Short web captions
········

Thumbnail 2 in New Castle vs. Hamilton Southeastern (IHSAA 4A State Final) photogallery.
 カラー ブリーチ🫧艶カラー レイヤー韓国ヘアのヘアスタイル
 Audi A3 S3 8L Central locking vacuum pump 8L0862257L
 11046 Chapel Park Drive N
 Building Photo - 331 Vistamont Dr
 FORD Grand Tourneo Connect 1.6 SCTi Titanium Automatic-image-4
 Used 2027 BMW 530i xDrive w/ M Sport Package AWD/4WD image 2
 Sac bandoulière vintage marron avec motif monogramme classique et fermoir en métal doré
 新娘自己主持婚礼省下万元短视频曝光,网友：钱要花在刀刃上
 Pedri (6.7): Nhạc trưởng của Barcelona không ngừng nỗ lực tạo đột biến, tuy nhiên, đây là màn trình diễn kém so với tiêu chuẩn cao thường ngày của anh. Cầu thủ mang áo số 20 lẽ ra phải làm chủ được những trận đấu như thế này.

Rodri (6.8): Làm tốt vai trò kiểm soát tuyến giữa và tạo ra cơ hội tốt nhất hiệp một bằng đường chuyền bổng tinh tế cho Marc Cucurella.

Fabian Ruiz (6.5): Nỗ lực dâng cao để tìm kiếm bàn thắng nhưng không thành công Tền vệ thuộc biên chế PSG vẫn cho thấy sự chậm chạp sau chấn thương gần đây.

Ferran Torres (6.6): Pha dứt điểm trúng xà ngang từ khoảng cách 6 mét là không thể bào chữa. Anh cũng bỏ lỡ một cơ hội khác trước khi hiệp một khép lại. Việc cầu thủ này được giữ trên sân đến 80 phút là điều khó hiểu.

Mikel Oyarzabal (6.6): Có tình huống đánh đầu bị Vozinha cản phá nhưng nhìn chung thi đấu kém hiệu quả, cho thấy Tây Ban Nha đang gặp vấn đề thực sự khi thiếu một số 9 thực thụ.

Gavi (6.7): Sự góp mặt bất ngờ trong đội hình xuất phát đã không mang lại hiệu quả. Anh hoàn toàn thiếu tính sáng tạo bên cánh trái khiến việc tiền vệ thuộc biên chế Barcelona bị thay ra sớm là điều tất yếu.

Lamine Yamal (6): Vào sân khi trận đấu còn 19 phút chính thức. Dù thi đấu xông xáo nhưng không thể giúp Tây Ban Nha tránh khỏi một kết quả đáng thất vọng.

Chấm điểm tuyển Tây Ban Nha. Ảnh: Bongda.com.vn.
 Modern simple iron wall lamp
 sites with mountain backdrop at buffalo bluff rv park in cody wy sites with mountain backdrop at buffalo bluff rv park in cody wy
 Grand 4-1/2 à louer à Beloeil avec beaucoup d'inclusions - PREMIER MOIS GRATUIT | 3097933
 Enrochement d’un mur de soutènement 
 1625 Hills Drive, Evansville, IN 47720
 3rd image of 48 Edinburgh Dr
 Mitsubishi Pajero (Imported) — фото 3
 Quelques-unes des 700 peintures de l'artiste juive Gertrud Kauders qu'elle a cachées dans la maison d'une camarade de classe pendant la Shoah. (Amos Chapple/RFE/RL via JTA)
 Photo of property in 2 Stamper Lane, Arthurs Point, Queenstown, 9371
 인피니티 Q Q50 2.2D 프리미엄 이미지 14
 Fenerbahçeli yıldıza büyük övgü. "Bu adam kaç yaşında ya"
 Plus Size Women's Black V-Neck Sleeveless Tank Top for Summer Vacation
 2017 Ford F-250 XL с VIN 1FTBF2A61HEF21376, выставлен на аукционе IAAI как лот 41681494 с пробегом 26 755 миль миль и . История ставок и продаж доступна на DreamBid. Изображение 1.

········

TASK REQUIREMENTS
Working through the records, find each line containing the word "image" and copy it.

ANSWER AREA
 FORD Grand Tourneo Connect 1.6 SCTi Titanium Automatic-image-4
 Used 2027 BMW 530i xDrive w/ M Sport Package AWD/4WD image 2
 3rd image of 48 Edinburgh Dr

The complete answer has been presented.